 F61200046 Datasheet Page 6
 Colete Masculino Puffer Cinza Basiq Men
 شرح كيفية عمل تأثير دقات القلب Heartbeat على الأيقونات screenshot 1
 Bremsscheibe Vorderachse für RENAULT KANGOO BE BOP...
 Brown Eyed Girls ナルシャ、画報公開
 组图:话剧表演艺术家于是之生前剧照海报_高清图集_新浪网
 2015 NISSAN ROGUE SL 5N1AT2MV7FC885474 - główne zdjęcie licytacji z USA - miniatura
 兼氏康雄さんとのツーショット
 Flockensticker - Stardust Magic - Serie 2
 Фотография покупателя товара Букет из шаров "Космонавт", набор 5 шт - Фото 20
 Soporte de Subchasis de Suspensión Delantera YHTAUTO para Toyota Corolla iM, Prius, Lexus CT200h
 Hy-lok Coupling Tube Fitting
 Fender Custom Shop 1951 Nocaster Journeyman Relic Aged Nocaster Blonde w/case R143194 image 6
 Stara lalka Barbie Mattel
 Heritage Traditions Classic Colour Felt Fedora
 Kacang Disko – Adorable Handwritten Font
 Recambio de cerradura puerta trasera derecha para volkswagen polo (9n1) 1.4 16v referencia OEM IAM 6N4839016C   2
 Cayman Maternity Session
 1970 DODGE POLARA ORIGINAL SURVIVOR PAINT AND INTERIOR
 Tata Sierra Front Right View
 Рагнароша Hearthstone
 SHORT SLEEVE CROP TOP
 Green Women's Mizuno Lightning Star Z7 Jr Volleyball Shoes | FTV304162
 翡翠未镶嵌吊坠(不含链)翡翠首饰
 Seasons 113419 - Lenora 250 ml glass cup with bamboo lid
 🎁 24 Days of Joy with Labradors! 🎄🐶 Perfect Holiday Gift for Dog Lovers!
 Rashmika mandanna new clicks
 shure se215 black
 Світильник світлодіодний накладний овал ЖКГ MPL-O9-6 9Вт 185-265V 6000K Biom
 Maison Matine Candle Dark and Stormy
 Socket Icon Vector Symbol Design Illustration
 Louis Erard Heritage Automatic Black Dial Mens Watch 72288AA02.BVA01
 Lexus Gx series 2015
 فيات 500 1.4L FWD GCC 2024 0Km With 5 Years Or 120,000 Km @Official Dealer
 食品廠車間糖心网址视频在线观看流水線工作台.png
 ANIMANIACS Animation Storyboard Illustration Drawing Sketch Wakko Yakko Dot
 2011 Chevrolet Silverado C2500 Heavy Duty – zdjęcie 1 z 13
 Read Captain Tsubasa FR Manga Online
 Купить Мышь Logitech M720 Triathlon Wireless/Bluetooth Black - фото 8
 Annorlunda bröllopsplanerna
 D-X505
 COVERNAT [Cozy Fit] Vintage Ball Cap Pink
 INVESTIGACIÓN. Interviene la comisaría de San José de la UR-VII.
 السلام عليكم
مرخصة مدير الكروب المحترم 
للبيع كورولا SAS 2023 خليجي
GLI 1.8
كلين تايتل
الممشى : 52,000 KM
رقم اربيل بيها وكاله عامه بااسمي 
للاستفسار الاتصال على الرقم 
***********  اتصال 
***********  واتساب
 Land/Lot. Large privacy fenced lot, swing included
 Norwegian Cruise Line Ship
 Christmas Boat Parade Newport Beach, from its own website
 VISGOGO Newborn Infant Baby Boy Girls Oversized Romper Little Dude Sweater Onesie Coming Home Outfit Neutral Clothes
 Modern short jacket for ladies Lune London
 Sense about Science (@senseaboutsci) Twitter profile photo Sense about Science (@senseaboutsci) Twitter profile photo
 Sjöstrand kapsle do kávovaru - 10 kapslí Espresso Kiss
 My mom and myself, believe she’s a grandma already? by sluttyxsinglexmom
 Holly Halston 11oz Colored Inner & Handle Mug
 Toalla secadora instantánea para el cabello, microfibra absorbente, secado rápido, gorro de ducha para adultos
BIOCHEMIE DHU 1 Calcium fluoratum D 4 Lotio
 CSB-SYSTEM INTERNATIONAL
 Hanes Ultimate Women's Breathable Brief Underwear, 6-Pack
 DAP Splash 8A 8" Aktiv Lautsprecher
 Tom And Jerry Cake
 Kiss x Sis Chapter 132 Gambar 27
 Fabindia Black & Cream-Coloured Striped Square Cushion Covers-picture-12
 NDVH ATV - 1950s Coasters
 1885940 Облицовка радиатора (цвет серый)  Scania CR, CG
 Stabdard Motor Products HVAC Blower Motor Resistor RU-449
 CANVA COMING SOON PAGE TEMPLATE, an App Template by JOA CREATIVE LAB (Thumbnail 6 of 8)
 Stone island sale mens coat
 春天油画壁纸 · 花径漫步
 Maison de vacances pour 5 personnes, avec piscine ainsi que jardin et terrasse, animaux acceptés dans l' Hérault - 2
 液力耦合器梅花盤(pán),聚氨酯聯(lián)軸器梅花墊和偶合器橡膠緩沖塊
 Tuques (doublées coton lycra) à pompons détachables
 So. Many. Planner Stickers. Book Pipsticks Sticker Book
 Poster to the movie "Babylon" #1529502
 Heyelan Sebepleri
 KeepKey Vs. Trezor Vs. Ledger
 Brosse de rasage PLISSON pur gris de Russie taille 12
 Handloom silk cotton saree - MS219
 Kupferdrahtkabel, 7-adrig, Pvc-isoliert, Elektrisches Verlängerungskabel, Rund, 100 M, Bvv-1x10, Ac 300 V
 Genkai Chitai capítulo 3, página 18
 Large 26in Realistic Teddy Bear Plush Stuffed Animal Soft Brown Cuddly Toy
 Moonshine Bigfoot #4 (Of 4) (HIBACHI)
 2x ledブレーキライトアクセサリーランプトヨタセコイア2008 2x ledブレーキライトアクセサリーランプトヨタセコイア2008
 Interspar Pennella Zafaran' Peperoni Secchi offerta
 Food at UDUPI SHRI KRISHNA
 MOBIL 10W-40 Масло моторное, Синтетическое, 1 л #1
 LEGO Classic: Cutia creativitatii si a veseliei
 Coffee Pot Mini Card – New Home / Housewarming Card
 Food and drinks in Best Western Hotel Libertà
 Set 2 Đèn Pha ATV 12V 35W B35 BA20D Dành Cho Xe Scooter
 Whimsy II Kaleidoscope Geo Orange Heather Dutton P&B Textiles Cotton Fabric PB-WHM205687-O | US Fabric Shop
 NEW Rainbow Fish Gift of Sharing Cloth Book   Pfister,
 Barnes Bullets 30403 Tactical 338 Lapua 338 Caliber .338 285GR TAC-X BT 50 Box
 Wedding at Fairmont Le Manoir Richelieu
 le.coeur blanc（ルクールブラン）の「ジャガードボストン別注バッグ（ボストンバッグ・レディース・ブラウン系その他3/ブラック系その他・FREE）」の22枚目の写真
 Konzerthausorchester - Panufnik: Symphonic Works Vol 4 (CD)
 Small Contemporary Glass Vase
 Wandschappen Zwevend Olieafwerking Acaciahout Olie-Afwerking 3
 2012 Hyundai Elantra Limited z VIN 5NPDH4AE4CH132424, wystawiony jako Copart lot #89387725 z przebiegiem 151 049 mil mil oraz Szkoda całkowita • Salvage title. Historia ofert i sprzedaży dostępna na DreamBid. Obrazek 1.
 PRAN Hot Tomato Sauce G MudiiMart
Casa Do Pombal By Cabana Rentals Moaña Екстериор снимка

☆ ☆ ☆

▶ **Task description**:
In the entries above, the lines between the one holding "Рагнароша Hearthstone" and the one holding "shure se215 black", inclusive, are to be printed exactly as written, and those alone.

▶ **Written solution**:
 Рагнароша Hearthstone
 SHORT SLEEVE CROP TOP
 Green Women's Mizuno Lightning Star Z7 Jr Volleyball Shoes | FTV304162
 翡翠未镶嵌吊坠(不含链)翡翠首饰
 Seasons 113419 - Lenora 250 ml glass cup with bamboo lid
 🎁 24 Days of Joy with Labradors! 🎄🐶 Perfect Holiday Gift for Dog Lovers!
 Rashmika mandanna new clicks
 shure se215 black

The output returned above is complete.